Figure 5.. The distribution of live cell single molecule agonist pMHC:TCR molecular binding dwell times is observed directly.

Measured dwell time distributions for both the 5c.c7 (A) and AND (B) TCRs are roughly exponential and match reported solution measurements. Bleaching times, $k_{\mathit{bl}}^{-1}$, (grey circles) are measured using agonist pMHC SLB standards without cells and with the same fluorescent label (Atto488) and are significantly longer than observed dwell times, τ_obs, for both TCRs. (C) Measured values for 5c.c7 and AND CD4+ T cells under varying conditions. Values in columns five and six represent ∼300–600 MCC agonist pMHC molecules per experimental condition from a population of 7–20 cells. Data are representative of at least 5 independent experiments performed on T cell blasts isolated from different mice for both the 5c.c7 and AND TCRs. Uncertainty in the average across different mice, shown in columns five and six, is calculated as the standard error of the mean of the molecular averages from different mice. In some cases (e.g. for cytoskeleton disruption experiments with Latrunculin A) one experiment (representative of 7–10 cells and 100 s of single molecule measurements) may be performed, but these data are always compared to a control sample recorded on the same day with T cell blasts from the same mouse. In these cases uncertainty is reported as the standard error of the mean of the molecular dwell time distribution. SPR measurements for 5c.c7 ¹(Huppa et al., 2010) and AND-related 226 TCRs ²(Newell et al., 2011), along with single molecule FRET measurements for 5c.c7 ¹(Huppa et al., 2010), are shown for comparison.
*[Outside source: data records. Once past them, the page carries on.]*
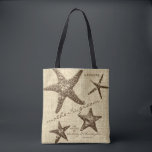 Starfish Beach Wedding Party (Mother of Groom) Tote Bag<br><div class="desc">Honour your wedding party with personalized tote bags that accent your destination beach wedding with brown starfish on a rustic burlap background and their title on the front (this one is for the Mother of the Groom) and a coordinating pattern of starfish on the back. Fun to fill with wedding...</div>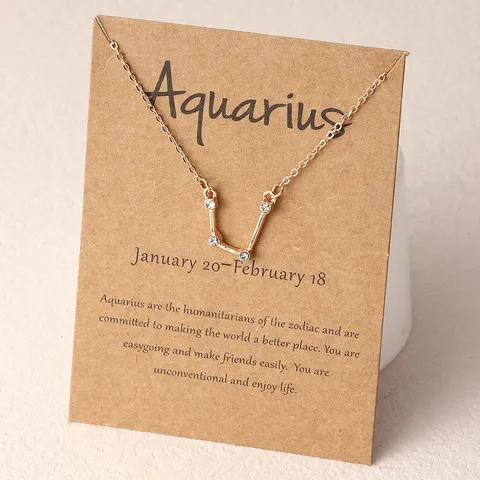 Alloy Strass Tierkreiszeichen Konstellation Anhänger Halskette Für Damen Mode Vergoldet Horoskop Karte Schmuck Geschenk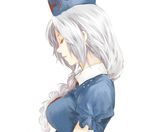  braid closed_eyes dress hair_over_shoulder hat lips long_hair nurse_cap parted_lips profile puffy_sleeves short_sleeves silver_hair simple_background single_braid solo touhou touya_(tottoo-to) upper_body white_background yagokoro_eirin 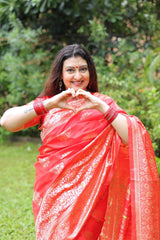 Juhi Parmar in Red Soft Silk Saree
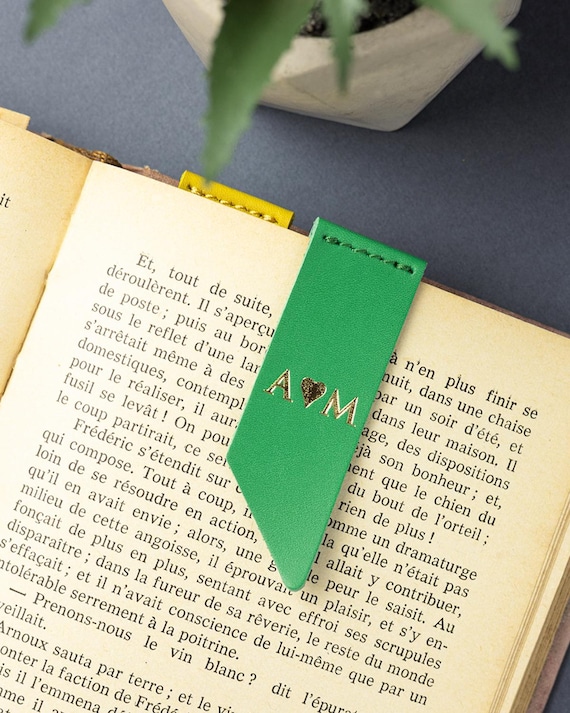 Personalized Leather Bookmark, Monogram Bookmarks, Book Marks For Men, Couples Bookmarks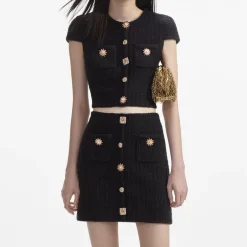New - Jewel Button Knit Skirt - Black Long Skirts | Mini Skirts
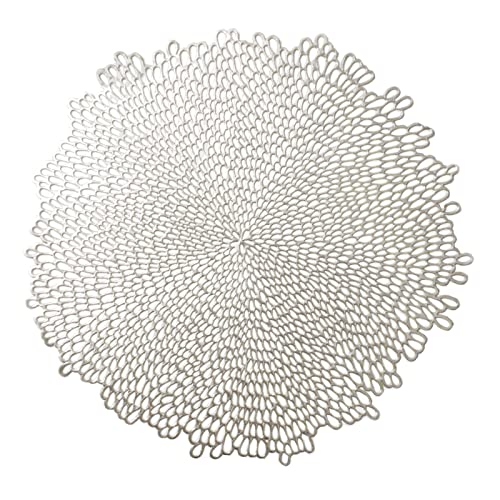 Benson Mills Bloom Pressed Vinyl Placemat Set Of 4, Kitchen And Dining Table Mats, Special Occasion, Wedding, Everyday, Holiday Table Décor (15.5" Round, Set Of 4, Silver) #TOP4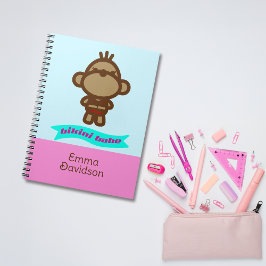 Cuaderno Nombre personalizado de mono lindo
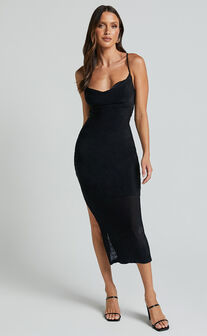 Andre Midi Dress - Cowl Neck Ruched Dress in Black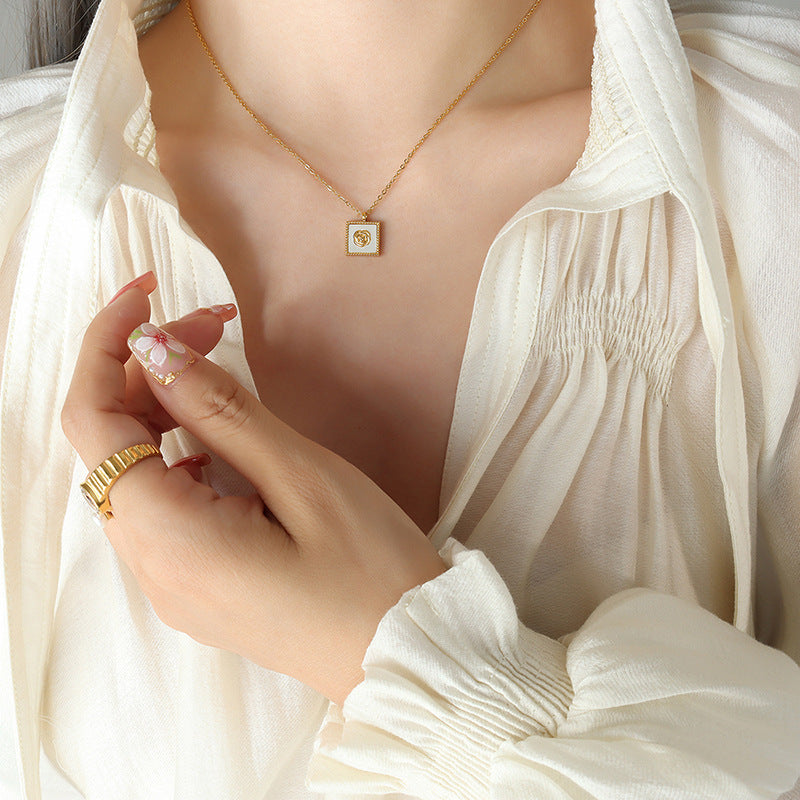 316L Stainless Steel 18K Gold PVD White Mother-of-Pearl Camellia Flower Square Pendant Necklace & Earrings Set - Camellia Flower, Mother-of-Pearl, Square Pendant, Minimalist, Everyday Wholesale Stainless Steel Jewelry - Sensitive Skin Friendly - Detail 4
DOI: http://dx.doi.org/10.7554/eLife.00778.012

Figure 6.. Stochastic reaction-diffusion simulation of time before MCC agonist pMHC escape from TCR clusters, τ_esc (in color; log scale), as a function of τ_off and TCR cluster size.

For small TCR clusters (1–100 TCR molecules) τ_off ≈ τ_esc, indicating no serial rebinding. Only for unrealistically large TCR clusters (1000–10,000 molecules) does ${\tau }_{\mathit{esc}}$ become appreciably longer than ${\tau }_{\mathit{off}}$. DOI: http://dx.doi.org/10.7554/eLife.00778.013

Figure 6—figure supplement 1.. Stochastic reaction-diffusion simulation of time before MCC agonist pMHC escape from TCR clusters.

Simulations of $\frac{{\tau }_{\mathit{esc}}}{{\tau }_{\mathit{off}}}$ as a function of TCR cluster size, ${\tau }_{\mathit{off}}$ , and k_on. The ratio $\frac{{\tau }_{\mathit{esc}}}{{\tau }_{\mathit{off}}}$, which is an indicator of agonist pMHC entrapment, is a function of TCR cluster size and k_on, but not k_off. k_on = 0.51 µm²s⁻¹molecule⁻¹ corresponds to the fastest average k_on that allows for rebinding to the same TCR. Only for unrealistically large TCR cluster sizes (approaching 1000 TCRs per cluster) and fast k_on is $\frac{{\tau }_{\mathit{esc}}}{{\tau }_{\mathit{off}}}\gg 1$, meaning that entrapment due to millisecond-scale unbinding and rebinding is unlikely to result in the minute-scale dwell times observed in our experiments. DOI: http://dx.doi.org/10.7554/eLife.00778.014

Figure 7.. Interaction of the 226 TCR with the MCC peptide.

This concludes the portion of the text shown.